Unter der Regie von Anita Natmeßnig zeigte die Kamera der Nitsch-Dokumentation keinerlei Scheu: Rituale werden dem Zuseher detailgetreu näher gebracht, freilich nicht ohne dabei Tabus zu brechen. Sinnlich intensiv auch die Gebiete abseits der Malerei: Hermann Nitsch am reichlich gedeckten Heurigentisch unter Freunden oder im Kaffeehaus mit einem Galeristen. Es ist ein zugänglicher Nitsch, einer, der ganz und gar nicht unbequem erscheint.

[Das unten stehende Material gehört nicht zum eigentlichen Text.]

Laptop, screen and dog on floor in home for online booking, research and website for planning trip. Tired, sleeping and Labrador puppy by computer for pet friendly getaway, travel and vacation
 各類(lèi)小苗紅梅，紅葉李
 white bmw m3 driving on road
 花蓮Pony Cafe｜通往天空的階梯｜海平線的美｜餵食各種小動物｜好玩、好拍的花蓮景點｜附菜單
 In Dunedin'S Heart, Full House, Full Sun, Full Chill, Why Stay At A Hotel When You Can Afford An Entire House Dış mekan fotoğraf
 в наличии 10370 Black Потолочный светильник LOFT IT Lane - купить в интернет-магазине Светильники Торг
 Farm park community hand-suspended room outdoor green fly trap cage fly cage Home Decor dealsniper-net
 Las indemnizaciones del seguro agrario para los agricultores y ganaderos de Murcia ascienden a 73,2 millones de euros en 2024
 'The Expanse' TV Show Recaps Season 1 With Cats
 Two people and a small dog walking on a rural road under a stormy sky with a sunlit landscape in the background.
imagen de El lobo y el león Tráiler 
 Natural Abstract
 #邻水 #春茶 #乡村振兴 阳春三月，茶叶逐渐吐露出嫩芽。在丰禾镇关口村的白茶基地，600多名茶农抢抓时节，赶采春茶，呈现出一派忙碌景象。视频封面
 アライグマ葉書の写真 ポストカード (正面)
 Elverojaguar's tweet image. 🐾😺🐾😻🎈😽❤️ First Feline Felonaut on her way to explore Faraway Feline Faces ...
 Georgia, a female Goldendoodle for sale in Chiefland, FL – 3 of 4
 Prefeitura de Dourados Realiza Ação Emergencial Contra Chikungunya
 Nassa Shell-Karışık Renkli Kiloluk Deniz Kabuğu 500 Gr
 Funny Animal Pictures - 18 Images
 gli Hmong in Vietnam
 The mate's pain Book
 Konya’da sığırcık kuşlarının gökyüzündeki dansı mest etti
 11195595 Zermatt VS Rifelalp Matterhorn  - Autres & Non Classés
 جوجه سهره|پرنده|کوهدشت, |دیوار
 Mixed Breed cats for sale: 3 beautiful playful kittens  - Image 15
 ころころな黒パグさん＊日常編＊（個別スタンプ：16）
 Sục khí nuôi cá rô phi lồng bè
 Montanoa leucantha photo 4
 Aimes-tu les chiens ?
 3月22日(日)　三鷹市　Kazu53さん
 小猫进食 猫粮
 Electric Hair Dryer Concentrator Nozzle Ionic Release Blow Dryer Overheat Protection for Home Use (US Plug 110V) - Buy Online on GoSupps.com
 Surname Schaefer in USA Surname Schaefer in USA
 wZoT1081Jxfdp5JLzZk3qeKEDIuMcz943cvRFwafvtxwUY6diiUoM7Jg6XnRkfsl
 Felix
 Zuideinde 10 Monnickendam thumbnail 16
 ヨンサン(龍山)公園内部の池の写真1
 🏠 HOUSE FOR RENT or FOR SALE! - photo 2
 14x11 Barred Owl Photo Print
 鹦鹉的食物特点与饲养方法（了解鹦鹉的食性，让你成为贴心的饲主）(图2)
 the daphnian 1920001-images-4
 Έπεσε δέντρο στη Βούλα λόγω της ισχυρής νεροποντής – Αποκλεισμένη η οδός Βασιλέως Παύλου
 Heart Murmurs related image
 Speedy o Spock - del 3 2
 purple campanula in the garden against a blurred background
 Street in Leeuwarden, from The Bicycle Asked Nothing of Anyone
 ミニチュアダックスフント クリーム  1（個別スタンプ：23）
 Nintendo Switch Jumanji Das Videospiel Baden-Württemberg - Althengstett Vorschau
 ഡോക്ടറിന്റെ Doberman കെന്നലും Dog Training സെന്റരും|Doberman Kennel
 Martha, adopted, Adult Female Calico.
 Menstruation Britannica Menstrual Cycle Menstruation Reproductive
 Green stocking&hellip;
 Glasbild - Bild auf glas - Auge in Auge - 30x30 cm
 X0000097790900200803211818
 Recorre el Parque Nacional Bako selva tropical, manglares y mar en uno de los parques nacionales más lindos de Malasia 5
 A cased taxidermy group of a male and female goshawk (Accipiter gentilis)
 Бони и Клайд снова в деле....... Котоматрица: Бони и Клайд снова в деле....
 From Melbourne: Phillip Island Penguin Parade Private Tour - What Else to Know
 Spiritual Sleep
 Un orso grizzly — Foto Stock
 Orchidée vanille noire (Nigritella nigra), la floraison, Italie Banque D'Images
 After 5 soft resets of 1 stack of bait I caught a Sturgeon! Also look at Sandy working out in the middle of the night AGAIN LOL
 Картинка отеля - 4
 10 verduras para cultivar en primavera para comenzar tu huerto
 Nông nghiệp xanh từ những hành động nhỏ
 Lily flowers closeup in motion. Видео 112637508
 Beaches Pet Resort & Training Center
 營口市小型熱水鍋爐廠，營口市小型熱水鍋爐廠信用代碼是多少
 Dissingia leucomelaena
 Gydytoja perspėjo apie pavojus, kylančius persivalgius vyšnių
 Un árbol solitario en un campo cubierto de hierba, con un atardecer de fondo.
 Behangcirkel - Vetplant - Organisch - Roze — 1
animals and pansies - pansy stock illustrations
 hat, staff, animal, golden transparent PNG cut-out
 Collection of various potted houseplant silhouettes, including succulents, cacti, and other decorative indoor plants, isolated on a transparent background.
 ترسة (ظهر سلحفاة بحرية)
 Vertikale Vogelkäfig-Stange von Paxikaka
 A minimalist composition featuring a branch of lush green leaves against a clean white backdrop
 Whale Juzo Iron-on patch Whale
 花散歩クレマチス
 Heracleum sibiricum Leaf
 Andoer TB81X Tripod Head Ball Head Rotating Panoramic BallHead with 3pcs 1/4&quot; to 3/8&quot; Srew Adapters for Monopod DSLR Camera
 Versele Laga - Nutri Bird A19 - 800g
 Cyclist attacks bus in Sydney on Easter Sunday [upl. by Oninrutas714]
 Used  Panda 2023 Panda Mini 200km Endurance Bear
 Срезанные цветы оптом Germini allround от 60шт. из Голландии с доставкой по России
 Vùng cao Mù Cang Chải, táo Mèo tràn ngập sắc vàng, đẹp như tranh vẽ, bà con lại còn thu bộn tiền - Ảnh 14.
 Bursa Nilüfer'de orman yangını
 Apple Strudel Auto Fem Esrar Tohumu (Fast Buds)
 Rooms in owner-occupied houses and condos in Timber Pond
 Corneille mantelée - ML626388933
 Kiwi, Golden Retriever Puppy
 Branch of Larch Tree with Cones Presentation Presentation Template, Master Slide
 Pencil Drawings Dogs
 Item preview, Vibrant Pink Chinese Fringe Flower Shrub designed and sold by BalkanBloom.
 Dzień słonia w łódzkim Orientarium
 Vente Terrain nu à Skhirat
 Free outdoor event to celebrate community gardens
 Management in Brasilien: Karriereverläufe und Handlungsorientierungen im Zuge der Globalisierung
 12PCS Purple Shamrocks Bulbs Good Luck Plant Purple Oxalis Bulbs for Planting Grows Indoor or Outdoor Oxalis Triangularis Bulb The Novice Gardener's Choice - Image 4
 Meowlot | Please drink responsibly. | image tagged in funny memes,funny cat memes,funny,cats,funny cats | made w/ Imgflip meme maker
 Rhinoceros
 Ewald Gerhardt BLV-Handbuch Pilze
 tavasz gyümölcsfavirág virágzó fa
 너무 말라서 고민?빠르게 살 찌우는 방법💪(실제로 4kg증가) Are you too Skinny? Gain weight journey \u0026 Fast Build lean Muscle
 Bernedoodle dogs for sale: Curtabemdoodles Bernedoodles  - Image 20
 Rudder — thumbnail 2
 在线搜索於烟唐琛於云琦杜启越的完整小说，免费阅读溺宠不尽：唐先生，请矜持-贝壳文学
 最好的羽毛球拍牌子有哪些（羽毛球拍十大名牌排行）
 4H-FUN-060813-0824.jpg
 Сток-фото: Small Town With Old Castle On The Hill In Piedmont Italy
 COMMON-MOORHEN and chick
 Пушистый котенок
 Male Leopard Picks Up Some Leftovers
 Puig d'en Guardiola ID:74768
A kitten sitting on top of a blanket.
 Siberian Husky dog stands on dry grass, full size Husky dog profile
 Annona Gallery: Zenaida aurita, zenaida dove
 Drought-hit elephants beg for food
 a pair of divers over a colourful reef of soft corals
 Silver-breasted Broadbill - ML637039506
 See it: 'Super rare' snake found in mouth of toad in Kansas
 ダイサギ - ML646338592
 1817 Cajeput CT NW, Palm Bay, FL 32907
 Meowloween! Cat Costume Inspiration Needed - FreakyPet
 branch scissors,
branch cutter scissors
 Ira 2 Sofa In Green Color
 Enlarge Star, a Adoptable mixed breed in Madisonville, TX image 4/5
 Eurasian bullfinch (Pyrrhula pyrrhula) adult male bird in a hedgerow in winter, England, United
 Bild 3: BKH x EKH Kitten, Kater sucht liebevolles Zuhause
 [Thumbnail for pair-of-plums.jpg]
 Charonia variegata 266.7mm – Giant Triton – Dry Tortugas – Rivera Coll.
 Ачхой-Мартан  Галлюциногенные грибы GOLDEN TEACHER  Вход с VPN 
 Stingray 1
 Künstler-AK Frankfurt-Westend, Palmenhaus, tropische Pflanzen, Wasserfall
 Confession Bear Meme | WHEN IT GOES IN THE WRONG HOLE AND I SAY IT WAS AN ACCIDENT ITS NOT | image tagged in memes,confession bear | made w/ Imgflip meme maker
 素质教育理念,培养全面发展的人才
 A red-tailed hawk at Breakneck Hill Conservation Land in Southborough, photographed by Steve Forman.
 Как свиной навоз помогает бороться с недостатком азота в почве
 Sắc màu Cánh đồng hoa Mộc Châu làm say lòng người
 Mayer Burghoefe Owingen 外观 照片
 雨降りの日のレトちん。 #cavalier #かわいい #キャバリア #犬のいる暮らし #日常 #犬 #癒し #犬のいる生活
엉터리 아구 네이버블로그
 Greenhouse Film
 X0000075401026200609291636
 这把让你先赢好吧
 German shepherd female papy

In den kommenden Sendungen, so Grabner, soll diese Linie beibehalten und die "Lust am Schauen" geweckt werden. Weiterhin wird sich die Darstellungsform auf reine Beobachtung beschränken, möglichst ohne zu interpretieren und Wertungen abzugeben. Der Arbeitsprozess des jeweiligen Künstlers und die damit einhergehenden Entwicklungsstufen seines Schaffens erlauben einen bisher unbekannten Einblick in die "Innenwelt" der betreffenden Person und geben Aufschluss über die Persönlichkeit.

Mehr Unbequemlichkeiten

Eine zweite Sendung beschäftigte sich mit Kurt Zein, dessen Erfindergeist sich mit seinen ungewöhnlichen Drucken gleich hinter die Schüttbilder des Hermann Nitsch einreiht und die Lust auf mehr weckt: Michael Haneke soll zusammen mit Günter Brus, Cornelius Kolig und dem Krimi-Autor Wolf Haas bis Jahresende für Gesprächsstoff sorgen. Die Protagonisten erhalten die Gelegenheit - getreu der Idee hinter der Reihe - sich selbst ins rechte Licht zu rücken. In allen kommenden Produktionen sollen schöpferisch unkonventionelle Persönlichkeitsbilder entstehen, die kulturell interessiertes Publikum ansprechen. Grabner wünscht sich, dass ein breites Spektrum an Zusehern für die "Filme mit Gehalt" gewonnen wird.

Neben Experimentierfreudigkeit und Unbefangenheit gegenüber den dargebotenen Themen wird dem Fernsehzuschauer noch eine weitere Qualität abverlangt: Durchhaltevermögen. Der späte Sendeplatz in der Sonntagnacht dürfte aber auch das einzig wirklich Unbequeme an dieser neuen Form der Dokumentation sein.

DIE NÄCHSTEN THEMENABENDE DER REIHE "UNBEQUEME ÖSTERREICHER":

Sonntag, 21. November, ab 23.00, ORF 2,

über den Filmregisseur Michael Haneke,

Sonntag, 5. Dezember, ab 23. 00, ORF 2,

über den Aktionisten Günter Brus und den Maler Cornelius Kolig.